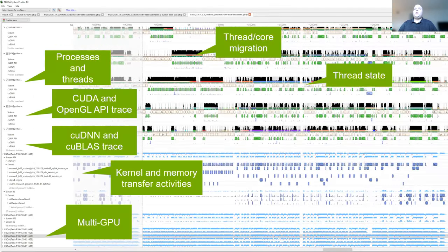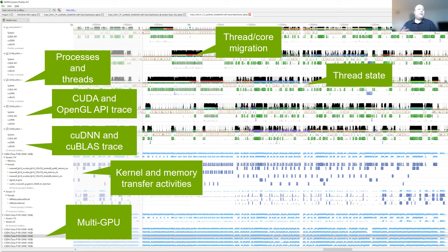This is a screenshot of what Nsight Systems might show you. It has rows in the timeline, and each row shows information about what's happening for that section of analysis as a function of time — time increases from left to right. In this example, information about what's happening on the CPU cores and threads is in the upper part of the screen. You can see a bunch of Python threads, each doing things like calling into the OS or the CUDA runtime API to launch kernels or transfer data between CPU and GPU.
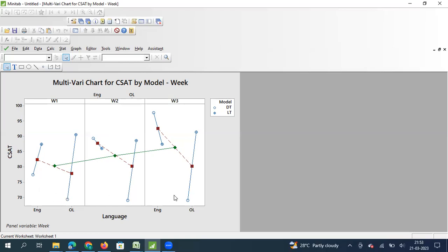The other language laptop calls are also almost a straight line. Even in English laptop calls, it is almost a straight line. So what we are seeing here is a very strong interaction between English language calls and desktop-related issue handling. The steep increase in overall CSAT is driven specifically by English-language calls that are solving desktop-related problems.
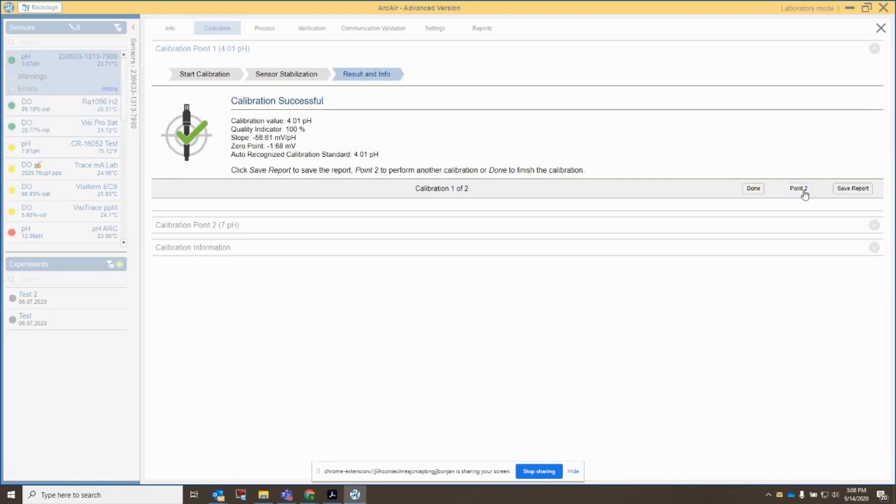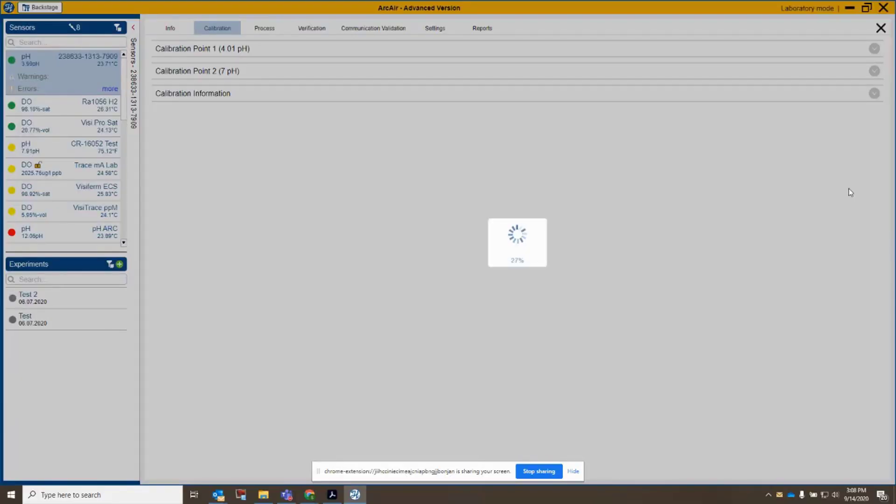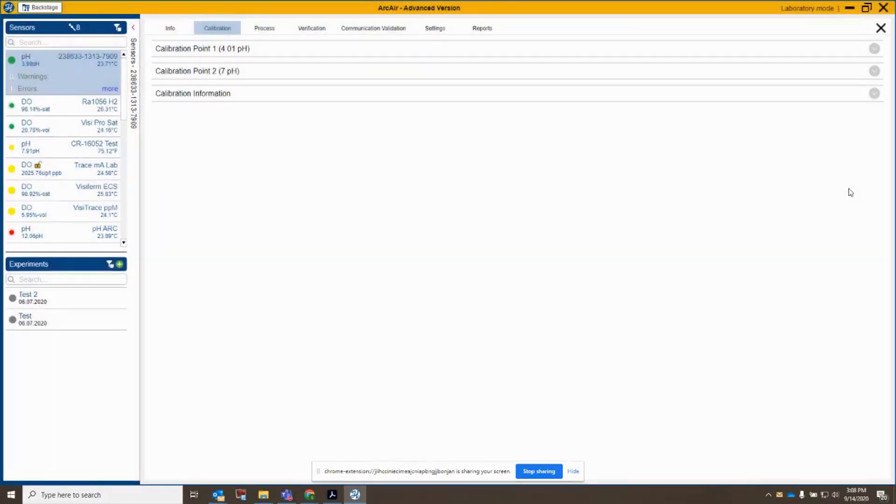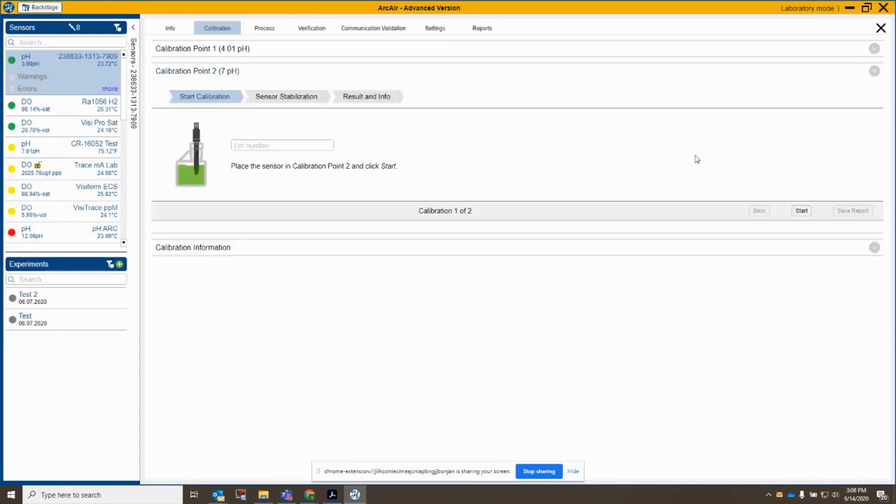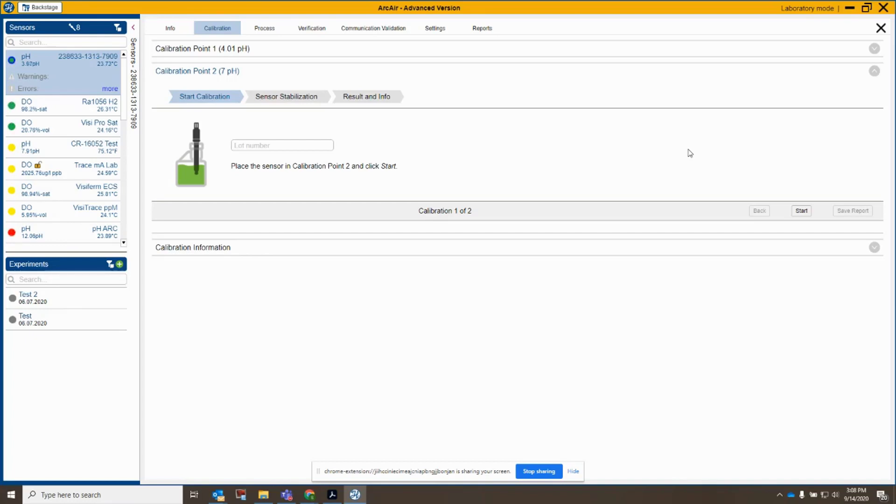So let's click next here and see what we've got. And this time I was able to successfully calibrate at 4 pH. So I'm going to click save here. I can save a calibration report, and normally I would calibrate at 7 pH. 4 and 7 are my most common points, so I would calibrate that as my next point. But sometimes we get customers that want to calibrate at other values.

==========

With the pictures set aside, return each line of the listing exactly as given.

This is a screenshot of what Nsight Systems might show you. It has rows in the timeline, and each row shows information about what's happening for that section of analysis as a function of time — time increases from left to right. In this example, information about what's happening on the CPU cores and threads is in the upper part of the screen. You can see a bunch of Python threads, each doing things like calling into the OS or the CUDA runtime API to launch kernels or transfer data between CPU and GPU.
The other language laptop calls are also almost a straight line. Even in English laptop calls, it is almost a straight line. So what we are seeing here is a very strong interaction between English language calls and desktop-related issue handling. The steep increase in overall CSAT is driven specifically by English-language calls that are solving desktop-related problems.
So let's click next here and see what we've got. And this time I was able to successfully calibrate at 4 pH. So I'm going to click save here. I can save a calibration report, and normally I would calibrate at 7 pH. 4 and 7 are my most common points, so I would calibrate that as my next point. But sometimes we get customers that want to calibrate at other values.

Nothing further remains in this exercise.